Leigh Tymms: Enhancing environmental performance is a method of differentiating a hotel, and forward thinking hoteliers can successfully use this differentiation to deliver a competitive advantage and increased revenues. It enables them to generate additional positive publicity and engage with existing and new target customers.
Having an effective environmental management system in place is becoming crucial for any business seeking to win business from the corporate business and public sector markets – many of whom will screen suppliers for proof of environmental policies and performance.
Hotel-industry.co.uk: Your recent research showed that many hoteliers are slow in seeing the benefits of attaining a GTBS award. Why do you think this is?
Tymms: We contacted over 200 hotels last summer and found that many were fully engaged with responding to the challenges of the recession and keeping overheads down. Unfortunately this often meant that environmental issues were given a low priority – ignoring the fact that there are often cost savings associated with such things as improved energy and waste management. There were of course some who bucked this trend, typically the larger hotel groups, and are making great strides through GTBS or their own approach to environmental management.

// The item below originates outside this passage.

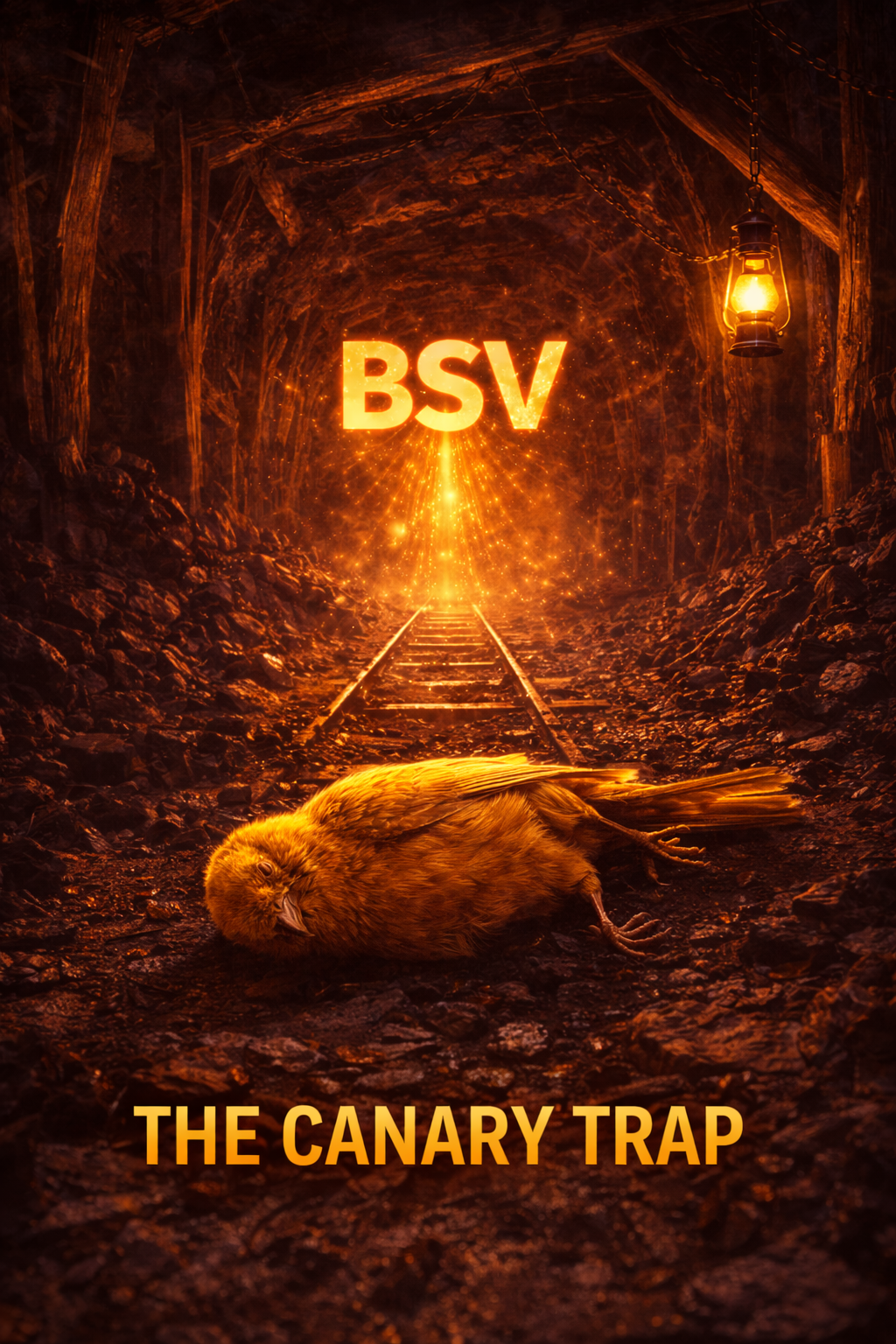[[BSV PROWESS]]

BSV: The Canary Trap
Once upon a time, miners carried canaries into coal mines.
No…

We found it interesting that in many of the hotels that we reviewed, the employees and the hotel managers were very keen to make real environmental progress. However, when it came to private owners being prepared to consider making an investment in green improvement, this was considerably more challenging; and we were surprised to find how many of these owners lived overseas.
Hotel-industry.co.uk: Is their solid evidence to suggest that guest preferences are “going green”?
Tymms: There are a number of surveys that demonstrate such a trend for the hotel marketplace and these support wider UK research of an increasing environmental awareness in both consumer and business buying decisions. One survey by Devon County Council showed that many guests consider environmental issues when booking a hotel and that three quarters think a green business is likely to be more quality conscious. A Travelocity report, stated that 80% of travellers are willing to pay extra to visit an eco-friendly destination or business. Exact figures vary survey to survey but together they do show a fundamental shift in peoples buying behaviour.
Hotel-industry.co.uk: Marketing aside, is it easy to measure ROI on green initiatives?
Tymms: It is possible for every hotel to measure their ROI from green initiatives, both in terms of the sales/marketing benefits and cost savings.
Whether the cost savings focus on water, waste, electricity (or almost anything else used or produced in the hotel), environmental management will measure these, before, during and after steps are taken to reduce the associated environmental impact. The most important measurement will then be visible directly on the bottom line – how much is financially being saved. The Carbon Trust point out that with a few no-cost measures hotels could save 10% of business energy costs in the short term; and with a few low-cost options this could improve still further to around 20%.
Hotel-industry.co.uk: Do you have a word of warning for hoteliers that repeatedly ignore the green market?
Tymms: I would anticipate that hoteliers who rely on business trade may be the first to start seeing customers staying elsewhere if they aren’t making any efforts to demonstrate environmental responsibility. Bingham’s hotel in Richmond report their environmental position is key to winning new business customers and this is something that is continuing to rise in importance. Such an approach will also become an increasing important factor in the consumer market. However, any hotelier who is ignoring the wider environmental issue is missing an opportunity – there are numerous cost savings to be made as well as the marketing and revenue benefits.
Hotel-industry.co.uk: What would be your advice for hoteliers looking to improve their green credentials for marketing purposes?
Tymms: It is important that hoteliers look at their proposition as a whole, and make sure their green marketing effort is supported by real green diligence. Failing to do this would be a sure-fire way to put their brand at the risk of ‘greenwash’ accusations. This is why we developed Green Edge, to support organisations consistently across both environmental management and green marketing activity.
I would recommend that organisations demonstrate their commitment by starting with action – reducing the hotels consumption, waste, energy and building a good base of local sourcing. Following the GTBS structure is a good start. When marketing, be aware of the Advertising Standards Authority guidance on the use of ‘green claims’ like ‘sustainable’, ‘zero waste’ and environmentally friendly’ – make sure any claims are sincere and well substantiated with evidence.
Look at the hotels that are doing it well such as Stratton’s in Norfolk; and consider how you are going to reach the growing number of customers who are making green choices.